You are doing just fine with Twelve and Ten. Stop second guessing your parenting skills! They know you are available if they need you (I've heard them ask you for help) so let them learn to be independent workers and thinkers.
Speaking of thinking, I've awarded you the Thinking Blogger Award... congratulations! See my blog for details!

Lynn said...

Patches - Great, I am finally in the same 'Haven't lived up to their full potential group' as Albert Einstein. I feel smarter already.

Patti - I hope that my kids are learning a sense of responsibility and independence. Sometimes I wonder if my friend will go off to college with her kids...and if she doesn't will her kids be able to function and complete their assignments without her standing over them.

Ralph - I always ask them if they have homework when they get home from school. I trust that they know what needs to be done (unlike when they were in 1st and 2nd grade, and I had to go over each and every homework assignment with them). I am always willing to help them (thank goodness, I still know the subject matter better than them. I figure by High School, that may change). I just don't think it's necessary to sit with them while they do their homework....but maybe I should. (sigh)

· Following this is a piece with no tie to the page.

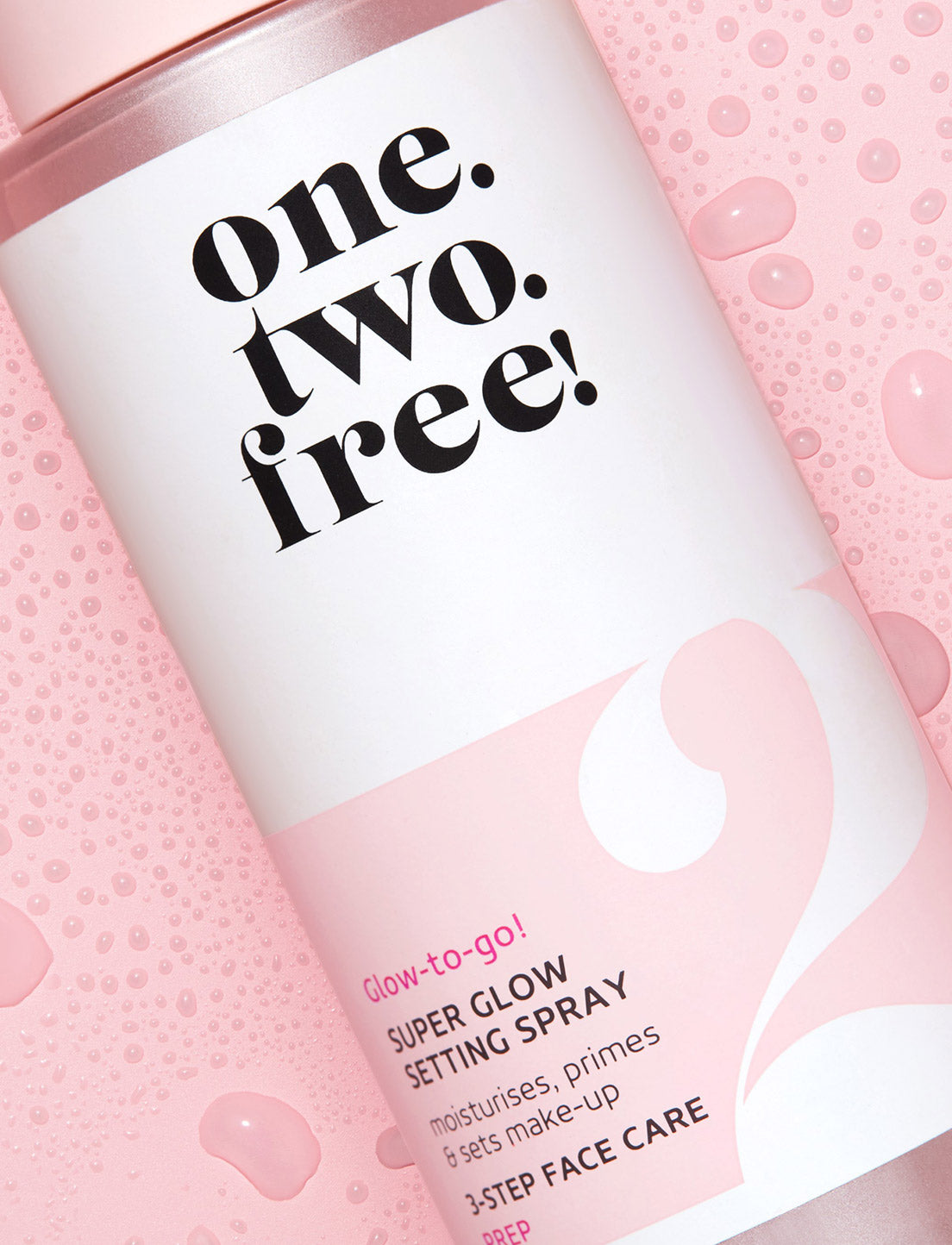 GLOW SETTING SPRAY
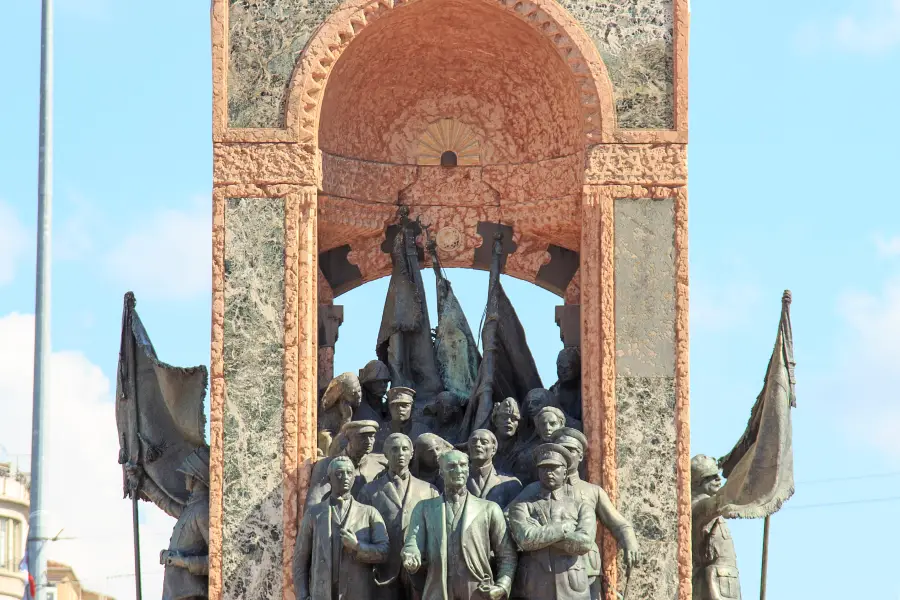 Ataturk Mausoleum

Joan - Thanks for the support. Did mom used to sit with us, or was she off doing other things and only helped us if we asked? I can't seem to remember... I will need to enlist your help in figuring out how to put the thinking award picture on someone elses blog...cause I am not thinking too clearly.

Renee Nefe said...

I think your friend is doing her children a great disservice by beign so involved in their homework. How are they supposed to learn to do it on their own. Will she go to college & work with them as they get older? I think your style will work out best. Sure her kids get good grades now...but I don't see it happening as they have to do it for themselves.

I don't think it's up to the parents to make sure their kids reach their full potential...the kids should want that for themselves.

DD likes to be perfect...she gets annoyed with me for accepting good enough. LOL!

armalicious said...

I have not read the other comments. But you are NOT harming Ten & Twelve! You can not micromanage their lives. If they tell you that they have finished their homework and you trust them that they are telling you the truth then you are teaching them a very valuable lesson. For if they end up lying, they will only hurt themselves.

Trust me, Lynn, you are not a bad mother.

meno said...

NO, just no, you do not need to teach these two helplessness by being their memory for them. They need to succeed or fail on their own.

DO NOT give into competetive parenting. No matter the temptation. They need things of their own to be proud of.

Can you tell i feel strongly about this?

Natalie said...

My kids aren't coming home with homework just yet, but it is a subject I've discussed with other moms.

I agree that the kids have to learn to take responsibility for their homework. If their grades slip, then you get involved for a bit to 1) ensure that they are actually completing assignments and 2) understanding the material.

I don't think it is our job as parents to be homework buddy.

Lynn said...
This comment has been removed by the author.
Lynn said...

Renee - I agree. Everytime I mention to my friend that it really isn't her homework, she looks at me as if I have grown an extra nose and says "I need to make sure we do it right, I'm so overwhelmed with all of the homework I have". (sheesh)

It's great that Darly takes pride in her work and wants to do a good job!

Arm - It's true that I don't want to micromanage Twelve and Ten's lives. I trust that they will complete their assignments on their own...unless or until I get a note from the teacher telling me otherwise.

Meno - I hear you loud and clear...sometimes it's tough not to second guess myself. I definitely 'hear' your passion on this subject.

Natalie - Teaching responsibility is a huge responsibility. Sometimes I find that the line between encouraging my kids independence and shriking my responsibility isn't always so clear.